Output the records exactly. Include every line.

*** Records provided Section Begins ***

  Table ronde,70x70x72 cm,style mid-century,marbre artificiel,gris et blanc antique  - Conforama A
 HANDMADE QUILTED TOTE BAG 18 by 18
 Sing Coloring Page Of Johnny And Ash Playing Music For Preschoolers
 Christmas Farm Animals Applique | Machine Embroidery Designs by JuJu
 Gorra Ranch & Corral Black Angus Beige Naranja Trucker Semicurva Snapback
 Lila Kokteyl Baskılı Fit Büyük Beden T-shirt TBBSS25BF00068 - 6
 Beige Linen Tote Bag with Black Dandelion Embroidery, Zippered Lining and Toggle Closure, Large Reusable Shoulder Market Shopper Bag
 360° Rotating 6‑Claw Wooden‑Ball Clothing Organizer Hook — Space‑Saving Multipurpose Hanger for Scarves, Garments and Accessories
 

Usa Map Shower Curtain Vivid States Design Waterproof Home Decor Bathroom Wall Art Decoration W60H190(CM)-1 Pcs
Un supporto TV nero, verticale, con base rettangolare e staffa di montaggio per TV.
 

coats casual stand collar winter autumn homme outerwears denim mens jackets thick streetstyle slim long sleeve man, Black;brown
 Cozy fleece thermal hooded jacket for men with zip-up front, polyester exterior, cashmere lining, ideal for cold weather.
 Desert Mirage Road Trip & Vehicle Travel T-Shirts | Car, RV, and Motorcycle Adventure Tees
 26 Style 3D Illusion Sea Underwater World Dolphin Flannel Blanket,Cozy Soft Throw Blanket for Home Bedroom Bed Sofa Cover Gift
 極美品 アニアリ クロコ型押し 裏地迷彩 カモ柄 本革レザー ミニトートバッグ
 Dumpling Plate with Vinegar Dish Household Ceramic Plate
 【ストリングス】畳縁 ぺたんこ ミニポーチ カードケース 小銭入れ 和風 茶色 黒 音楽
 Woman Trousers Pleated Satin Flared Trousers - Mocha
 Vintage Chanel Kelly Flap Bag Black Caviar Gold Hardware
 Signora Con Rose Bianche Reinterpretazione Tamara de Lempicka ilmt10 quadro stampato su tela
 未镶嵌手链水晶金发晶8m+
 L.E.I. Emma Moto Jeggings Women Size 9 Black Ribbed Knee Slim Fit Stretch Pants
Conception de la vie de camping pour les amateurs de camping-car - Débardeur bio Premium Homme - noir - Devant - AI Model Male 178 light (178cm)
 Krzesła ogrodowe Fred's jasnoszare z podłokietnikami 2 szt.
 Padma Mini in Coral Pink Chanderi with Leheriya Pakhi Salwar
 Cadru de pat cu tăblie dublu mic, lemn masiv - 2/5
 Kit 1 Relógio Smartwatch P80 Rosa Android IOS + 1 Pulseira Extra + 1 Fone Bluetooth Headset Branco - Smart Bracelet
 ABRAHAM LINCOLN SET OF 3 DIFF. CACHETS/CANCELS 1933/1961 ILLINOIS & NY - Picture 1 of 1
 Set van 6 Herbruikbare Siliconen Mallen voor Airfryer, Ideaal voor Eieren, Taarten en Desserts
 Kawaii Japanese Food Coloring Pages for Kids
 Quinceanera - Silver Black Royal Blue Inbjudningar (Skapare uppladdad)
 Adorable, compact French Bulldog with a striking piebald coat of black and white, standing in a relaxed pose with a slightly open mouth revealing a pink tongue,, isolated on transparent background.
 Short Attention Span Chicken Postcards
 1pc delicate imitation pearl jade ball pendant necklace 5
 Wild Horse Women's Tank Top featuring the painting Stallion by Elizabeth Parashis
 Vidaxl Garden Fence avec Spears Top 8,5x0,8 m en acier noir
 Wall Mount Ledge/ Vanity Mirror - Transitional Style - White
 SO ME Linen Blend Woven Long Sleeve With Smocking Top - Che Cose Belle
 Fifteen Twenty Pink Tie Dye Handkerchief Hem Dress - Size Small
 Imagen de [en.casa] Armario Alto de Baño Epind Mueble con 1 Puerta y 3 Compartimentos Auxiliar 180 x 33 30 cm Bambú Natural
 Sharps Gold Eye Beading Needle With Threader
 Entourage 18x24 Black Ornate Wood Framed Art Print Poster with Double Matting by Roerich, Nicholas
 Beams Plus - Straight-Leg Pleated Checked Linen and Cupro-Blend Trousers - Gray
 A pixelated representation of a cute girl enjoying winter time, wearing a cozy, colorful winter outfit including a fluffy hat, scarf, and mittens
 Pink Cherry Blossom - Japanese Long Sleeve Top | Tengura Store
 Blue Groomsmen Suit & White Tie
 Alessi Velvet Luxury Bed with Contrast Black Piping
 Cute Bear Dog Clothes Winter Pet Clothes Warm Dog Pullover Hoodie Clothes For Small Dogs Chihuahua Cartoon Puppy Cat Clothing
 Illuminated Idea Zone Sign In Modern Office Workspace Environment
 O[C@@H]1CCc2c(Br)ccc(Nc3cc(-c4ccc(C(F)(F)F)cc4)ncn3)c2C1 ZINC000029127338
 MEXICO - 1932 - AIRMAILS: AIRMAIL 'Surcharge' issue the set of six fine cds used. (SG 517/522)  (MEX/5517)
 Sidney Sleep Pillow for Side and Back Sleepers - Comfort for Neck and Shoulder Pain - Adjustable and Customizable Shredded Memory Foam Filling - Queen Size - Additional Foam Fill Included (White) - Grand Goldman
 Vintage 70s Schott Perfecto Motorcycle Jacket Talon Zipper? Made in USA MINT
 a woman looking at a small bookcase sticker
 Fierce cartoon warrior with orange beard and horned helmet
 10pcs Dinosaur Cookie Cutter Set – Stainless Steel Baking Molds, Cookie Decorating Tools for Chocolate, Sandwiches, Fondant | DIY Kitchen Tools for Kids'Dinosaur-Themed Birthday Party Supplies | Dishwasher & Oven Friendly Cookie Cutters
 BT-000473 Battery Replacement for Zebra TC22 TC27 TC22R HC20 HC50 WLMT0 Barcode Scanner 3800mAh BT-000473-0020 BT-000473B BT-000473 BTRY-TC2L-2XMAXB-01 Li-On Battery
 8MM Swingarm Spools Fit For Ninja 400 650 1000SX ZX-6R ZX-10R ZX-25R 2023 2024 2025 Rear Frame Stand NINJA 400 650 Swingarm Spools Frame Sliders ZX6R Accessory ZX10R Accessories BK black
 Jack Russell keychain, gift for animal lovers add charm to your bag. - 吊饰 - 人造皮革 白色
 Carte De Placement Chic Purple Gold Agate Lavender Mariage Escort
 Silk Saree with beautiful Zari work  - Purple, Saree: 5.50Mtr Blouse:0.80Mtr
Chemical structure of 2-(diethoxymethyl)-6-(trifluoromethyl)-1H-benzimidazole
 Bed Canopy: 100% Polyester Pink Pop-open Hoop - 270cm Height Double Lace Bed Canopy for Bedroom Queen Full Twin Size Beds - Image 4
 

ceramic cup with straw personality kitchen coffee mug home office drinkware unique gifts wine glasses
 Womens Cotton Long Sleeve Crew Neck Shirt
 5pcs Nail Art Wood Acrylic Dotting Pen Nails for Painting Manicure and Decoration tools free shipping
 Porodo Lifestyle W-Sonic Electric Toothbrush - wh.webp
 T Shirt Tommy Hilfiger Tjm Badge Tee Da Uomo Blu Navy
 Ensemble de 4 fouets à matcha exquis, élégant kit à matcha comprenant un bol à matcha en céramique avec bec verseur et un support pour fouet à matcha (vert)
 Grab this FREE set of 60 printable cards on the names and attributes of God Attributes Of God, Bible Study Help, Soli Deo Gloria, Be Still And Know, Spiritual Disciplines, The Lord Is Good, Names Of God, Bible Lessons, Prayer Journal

*** Records provided Section Ends ***

Answer section
  Table ronde,70x70x72 cm,style mid-century,marbre artificiel,gris et blanc antique  - Conforama A
 HANDMADE QUILTED TOTE BAG 18 by 18
 Sing Coloring Page Of Johnny And Ash Playing Music For Preschoolers
 Christmas Farm Animals Applique | Machine Embroidery Designs by JuJu
 Gorra Ranch & Corral Black Angus Beige Naranja Trucker Semicurva Snapback
 Lila Kokteyl Baskılı Fit Büyük Beden T-shirt TBBSS25BF00068 - 6
 Beige Linen Tote Bag with Black Dandelion Embroidery, Zippered Lining and Toggle Closure, Large Reusable Shoulder Market Shopper Bag
 360° Rotating 6‑Claw Wooden‑Ball Clothing Organizer Hook — Space‑Saving Multipurpose Hanger for Scarves, Garments and Accessories
 

Usa Map Shower Curtain Vivid States Design Waterproof Home Decor Bathroom Wall Art Decoration W60H190(CM)-1 Pcs
Un supporto TV nero, verticale, con base rettangolare e staffa di montaggio per TV.
 

coats casual stand collar winter autumn homme outerwears denim mens jackets thick streetstyle slim long sleeve man, Black;brown
 Cozy fleece thermal hooded jacket for men with zip-up front, polyester exterior, cashmere lining, ideal for cold weather.
 Desert Mirage Road Trip & Vehicle Travel T-Shirts | Car, RV, and Motorcycle Adventure Tees
 26 Style 3D Illusion Sea Underwater World Dolphin Flannel Blanket,Cozy Soft Throw Blanket for Home Bedroom Bed Sofa Cover Gift
 極美品 アニアリ クロコ型押し 裏地迷彩 カモ柄 本革レザー ミニトートバッグ
 Dumpling Plate with Vinegar Dish Household Ceramic Plate
 【ストリングス】畳縁 ぺたんこ ミニポーチ カードケース 小銭入れ 和風 茶色 黒 音楽
 Woman Trousers Pleated Satin Flared Trousers - Mocha
 Vintage Chanel Kelly Flap Bag Black Caviar Gold Hardware
 Signora Con Rose Bianche Reinterpretazione Tamara de Lempicka ilmt10 quadro stampato su tela
 未镶嵌手链水晶金发晶8m+
 L.E.I. Emma Moto Jeggings Women Size 9 Black Ribbed Knee Slim Fit Stretch Pants
Conception de la vie de camping pour les amateurs de camping-car - Débardeur bio Premium Homme - noir - Devant - AI Model Male 178 light (178cm)
 Krzesła ogrodowe Fred's jasnoszare z podłokietnikami 2 szt.
 Padma Mini in Coral Pink Chanderi with Leheriya Pakhi Salwar
 Cadru de pat cu tăblie dublu mic, lemn masiv - 2/5
 Kit 1 Relógio Smartwatch P80 Rosa Android IOS + 1 Pulseira Extra + 1 Fone Bluetooth Headset Branco - Smart Bracelet
 ABRAHAM LINCOLN SET OF 3 DIFF. CACHETS/CANCELS 1933/1961 ILLINOIS & NY - Picture 1 of 1
 Set van 6 Herbruikbare Siliconen Mallen voor Airfryer, Ideaal voor Eieren, Taarten en Desserts
 Kawaii Japanese Food Coloring Pages for Kids
 Quinceanera - Silver Black Royal Blue Inbjudningar (Skapare uppladdad)
 Adorable, compact French Bulldog with a striking piebald coat of black and white, standing in a relaxed pose with a slightly open mouth revealing a pink tongue,, isolated on transparent background.
 Short Attention Span Chicken Postcards
 1pc delicate imitation pearl jade ball pendant necklace 5
 Wild Horse Women's Tank Top featuring the painting Stallion by Elizabeth Parashis
 Vidaxl Garden Fence avec Spears Top 8,5x0,8 m en acier noir
 Wall Mount Ledge/ Vanity Mirror - Transitional Style - White
 SO ME Linen Blend Woven Long Sleeve With Smocking Top - Che Cose Belle
 Fifteen Twenty Pink Tie Dye Handkerchief Hem Dress - Size Small
 Imagen de [en.casa] Armario Alto de Baño Epind Mueble con 1 Puerta y 3 Compartimentos Auxiliar 180 x 33 30 cm Bambú Natural
 Sharps Gold Eye Beading Needle With Threader
 Entourage 18x24 Black Ornate Wood Framed Art Print Poster with Double Matting by Roerich, Nicholas
 Beams Plus - Straight-Leg Pleated Checked Linen and Cupro-Blend Trousers - Gray
 A pixelated representation of a cute girl enjoying winter time, wearing a cozy, colorful winter outfit including a fluffy hat, scarf, and mittens
 Pink Cherry Blossom - Japanese Long Sleeve Top | Tengura Store
 Blue Groomsmen Suit & White Tie
 Alessi Velvet Luxury Bed with Contrast Black Piping
 Cute Bear Dog Clothes Winter Pet Clothes Warm Dog Pullover Hoodie Clothes For Small Dogs Chihuahua Cartoon Puppy Cat Clothing
 Illuminated Idea Zone Sign In Modern Office Workspace Environment
 O[C@@H]1CCc2c(Br)ccc(Nc3cc(-c4ccc(C(F)(F)F)cc4)ncn3)c2C1 ZINC000029127338
 MEXICO - 1932 - AIRMAILS: AIRMAIL 'Surcharge' issue the set of six fine cds used. (SG 517/522)  (MEX/5517)
 Sidney Sleep Pillow for Side and Back Sleepers - Comfort for Neck and Shoulder Pain - Adjustable and Customizable Shredded Memory Foam Filling - Queen Size - Additional Foam Fill Included (White) - Grand Goldman
 Vintage 70s Schott Perfecto Motorcycle Jacket Talon Zipper? Made in USA MINT
 a woman looking at a small bookcase sticker
 Fierce cartoon warrior with orange beard and horned helmet
 10pcs Dinosaur Cookie Cutter Set – Stainless Steel Baking Molds, Cookie Decorating Tools for Chocolate, Sandwiches, Fondant | DIY Kitchen Tools for Kids'Dinosaur-Themed Birthday Party Supplies | Dishwasher & Oven Friendly Cookie Cutters
 BT-000473 Battery Replacement for Zebra TC22 TC27 TC22R HC20 HC50 WLMT0 Barcode Scanner 3800mAh BT-000473-0020 BT-000473B BT-000473 BTRY-TC2L-2XMAXB-01 Li-On Battery
 8MM Swingarm Spools Fit For Ninja 400 650 1000SX ZX-6R ZX-10R ZX-25R 2023 2024 2025 Rear Frame Stand NINJA 400 650 Swingarm Spools Frame Sliders ZX6R Accessory ZX10R Accessories BK black
 Jack Russell keychain, gift for animal lovers add charm to your bag. - 吊饰 - 人造皮革 白色
 Carte De Placement Chic Purple Gold Agate Lavender Mariage Escort
 Silk Saree with beautiful Zari work  - Purple, Saree: 5.50Mtr Blouse:0.80Mtr
Chemical structure of 2-(diethoxymethyl)-6-(trifluoromethyl)-1H-benzimidazole
 Bed Canopy: 100% Polyester Pink Pop-open Hoop - 270cm Height Double Lace Bed Canopy for Bedroom Queen Full Twin Size Beds - Image 4
 

ceramic cup with straw personality kitchen coffee mug home office drinkware unique gifts wine glasses
 Womens Cotton Long Sleeve Crew Neck Shirt
 5pcs Nail Art Wood Acrylic Dotting Pen Nails for Painting Manicure and Decoration tools free shipping
 Porodo Lifestyle W-Sonic Electric Toothbrush - wh.webp
 T Shirt Tommy Hilfiger Tjm Badge Tee Da Uomo Blu Navy
 Ensemble de 4 fouets à matcha exquis, élégant kit à matcha comprenant un bol à matcha en céramique avec bec verseur et un support pour fouet à matcha (vert)
 Grab this FREE set of 60 printable cards on the names and attributes of God Attributes Of God, Bible Study Help, Soli Deo Gloria, Be Still And Know, Spiritual Disciplines, The Lord Is Good, Names Of God, Bible Lessons, Prayer Journal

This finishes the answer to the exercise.